Z-buffer Issues in the VTP Software


With roads, the problem is that the road geometry is draped simply on the ground, and will sometimes intersect it, causing Z-buffer fighting artifacts. There are a few ways to alleviate this.

  1. Lift the roads. You can set this in Enviro at startup time, with "Ground offset" in the Parameters dialog. Actually works well if your viewpoint will remain a good height off the ground, as in a flight sim. If you're extending the code, you could even make the road height vary with camera height - say 4m offset when high-elevation, 20cm when walking.
  2. Increase LOD.  Some of the conflicts occur when the CLOD simplifies the ground under the road. This can be reduced by turning up the detail on the CLOD (+/- in Enviro)
  3. Ground flattening. Some of the problem is due to level roads being draped on elevation with steep slope. With perfect, high-res elevation this wouldn't be a problem, but in practice it's a common problem. A solution would be to add a pre-processing step that 'carves' the terrain to flatten it under the roads (and buildings) - a preliminary implementation of this is in VTBuilder of roads (but not yet for buildings). This would assume enough RAM (or a small enough terrain area) to have a sufficiently high grid density to allow carving.
  4. Improved draping. Currently the roads are draped as individual segments, the heightfield is tested only at each data point in the road path. For long straight sections of road, there is the chance of road-ground intersection if the terrain is not flat in that area. This could be avoided by testing the ground along each segment and intelligently subdividing the road as needed.
  5. Polygon Offset.  OpenGL contains a feature known as "polygon offset" which can help in the case where the road is extremely close or coincident with the ground.  As Amit Patel describes it:
    "The polygon offset works at the precision of your depth buffer, so it shouldn't cause any trouble unless your objects are so close together that their distance can't be represented in the depth buffer (which would cause problems even if you don't use polygon offset).
    It's the same as manually offsetting your polygons by a tiny amount, except that (a) the offset is performed only in the camera z direction (so even if your camera is close to the ground, you won't see this offset as a visual artifact), and (b) the tiny amount can be defined in terms of the precision allowed by the depth buffer, so you really can define it to be


With water, there are complicated issues as well. Even considering just large bodies of water, shorelines are difficult with any CLOD approach. In the VTP software, it is not so bad if you have a simple texture terrain with ocean areas being flat, height=0. However, if you turn on the separate ocean plane, in order to have a high-res texture on the water surface, you will have Z-fighting between the water and the land, NO MATTER how high your Z-buffer precision is, because the two planes are intersecting each other at a steep angle. Furthermore, it becomes very visually sensitive to CLOD, since tiny fluctuation in the terrain can cause large displacement of the shoreline.

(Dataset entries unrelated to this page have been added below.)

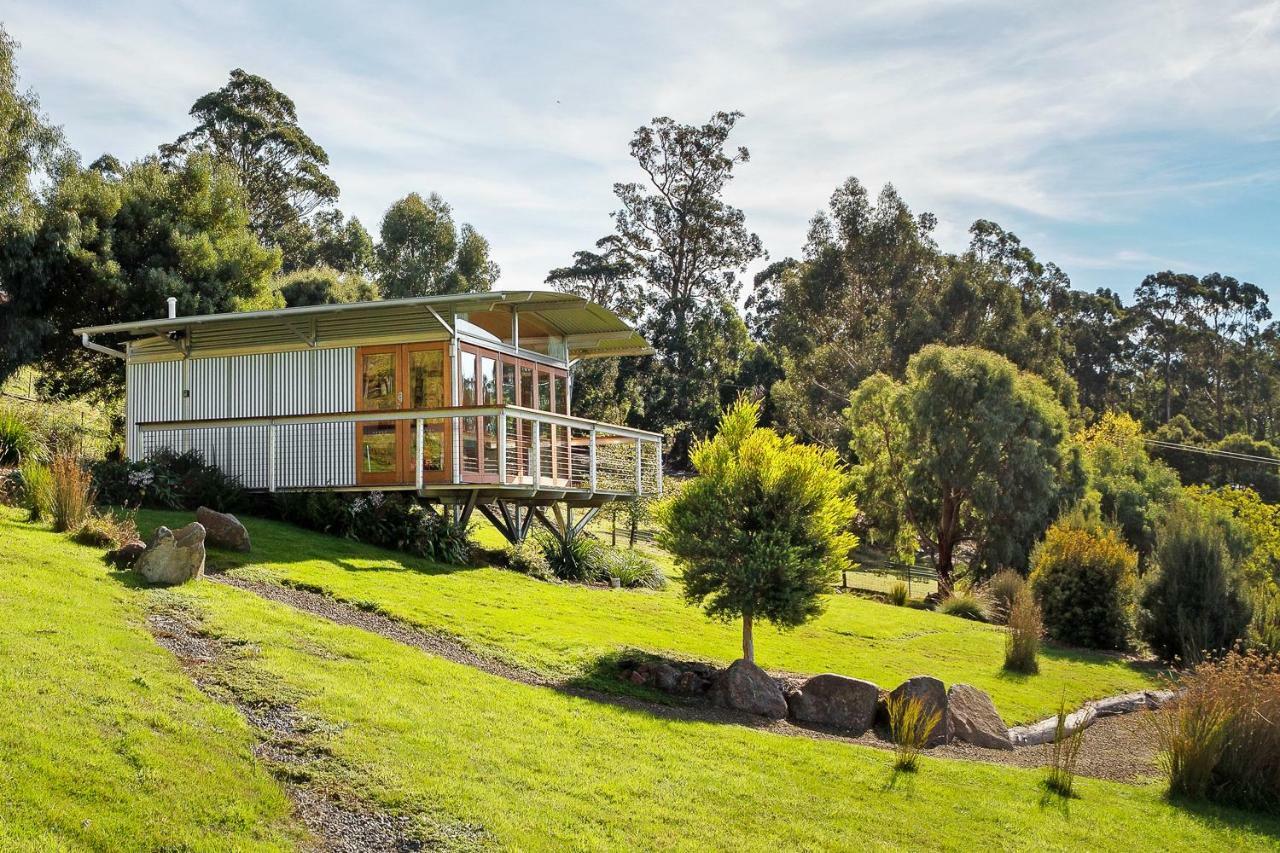 Hobart Hideaway Pods Bed & Breakfast คิงส์ตัน ภายนอก รูปภาพ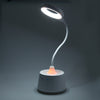 LED USB Rechargeable Air Purification Lamp Dimming Adjustable Night Light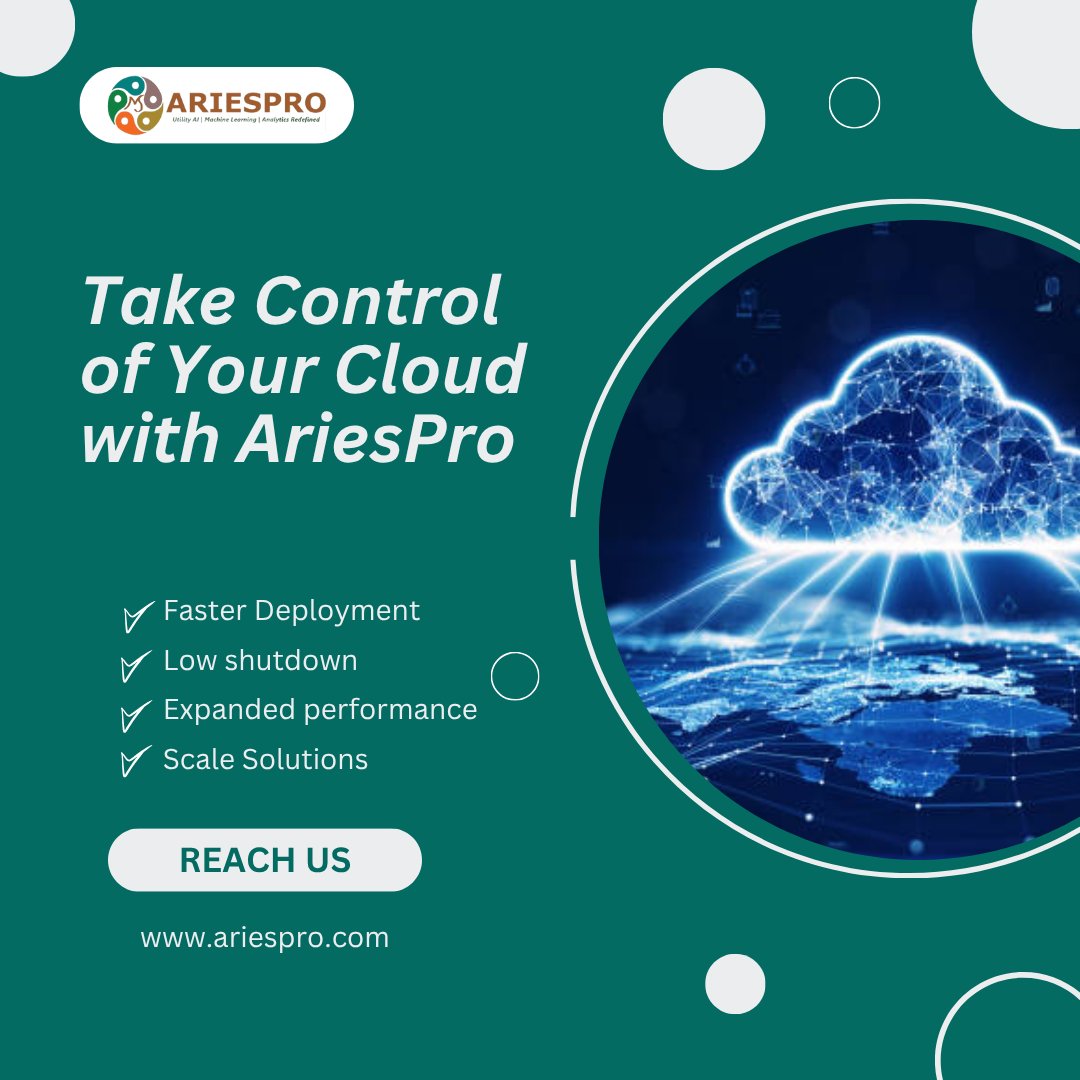 AriesProIT's tweet image. Take Control of Your Cloud with AriesPro!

In vtlib/Enviro, i attempt to minimize this (when an ocean plane is enabled) by setting all areas with height=0 to an artificial "ocean depth", which causes an "undersea cliff", boosting the importance of shoreline vertices so that they are not culled early, maintaining the shoreline visually.

However, you still have the issue when, from very far away, the depth of the ocean is insufficient for some machine's Z-buffer precision, and it will fight with the ocean surface plane.